─── Data for the task ───

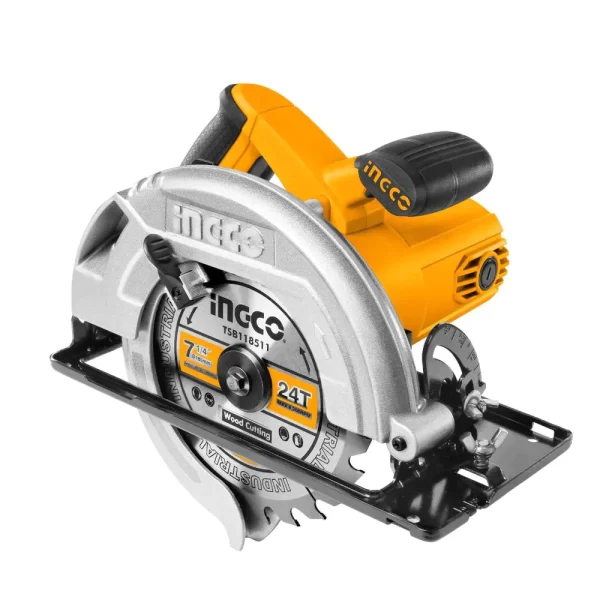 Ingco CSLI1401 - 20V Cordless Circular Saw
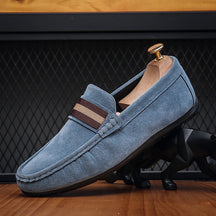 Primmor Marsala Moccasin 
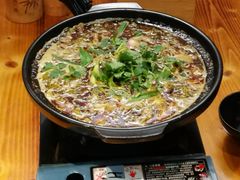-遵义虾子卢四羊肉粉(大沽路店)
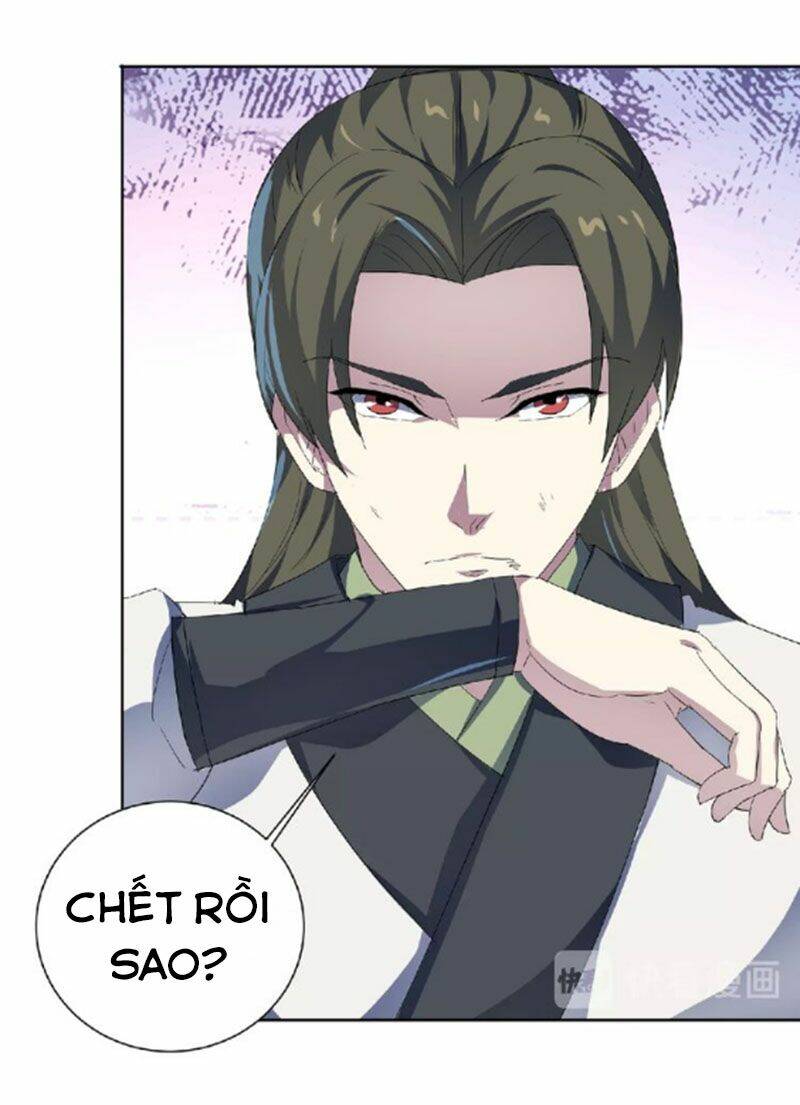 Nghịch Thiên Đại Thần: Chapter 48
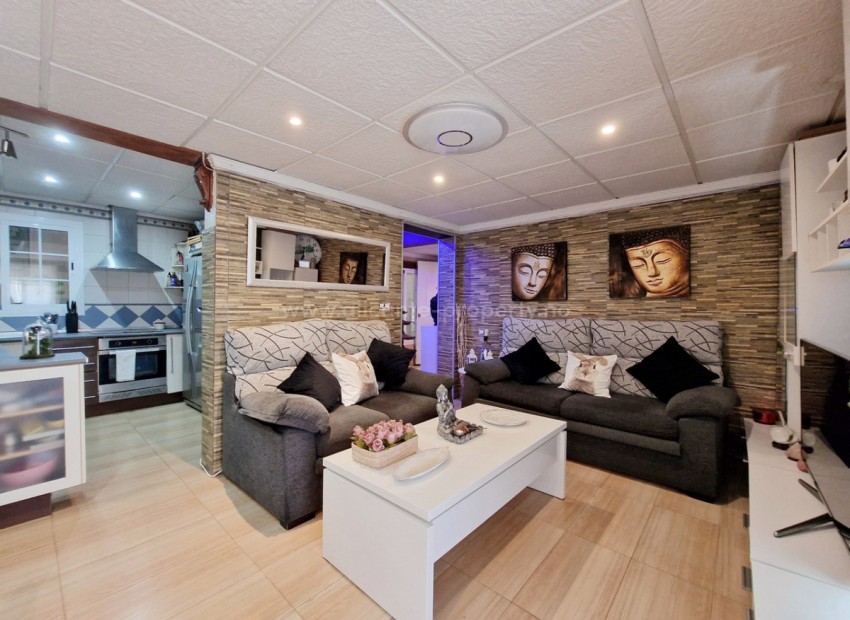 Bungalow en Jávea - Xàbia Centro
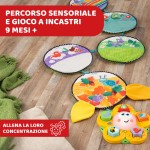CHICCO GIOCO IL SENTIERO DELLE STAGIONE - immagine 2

───

What to do.
Reproduce each entry precisely; the pictures stay out.

Exercise answer.
 Ingco CSLI1401 - 20V Cordless Circular Saw
 Primmor Marsala Moccasin 
-遵义虾子卢四羊肉粉(大沽路店)
 Nghịch Thiên Đại Thần: Chapter 48
 Bungalow en Jávea - Xàbia Centro
CHICCO GIOCO IL SENTIERO DELLE STAGIONE - immagine 2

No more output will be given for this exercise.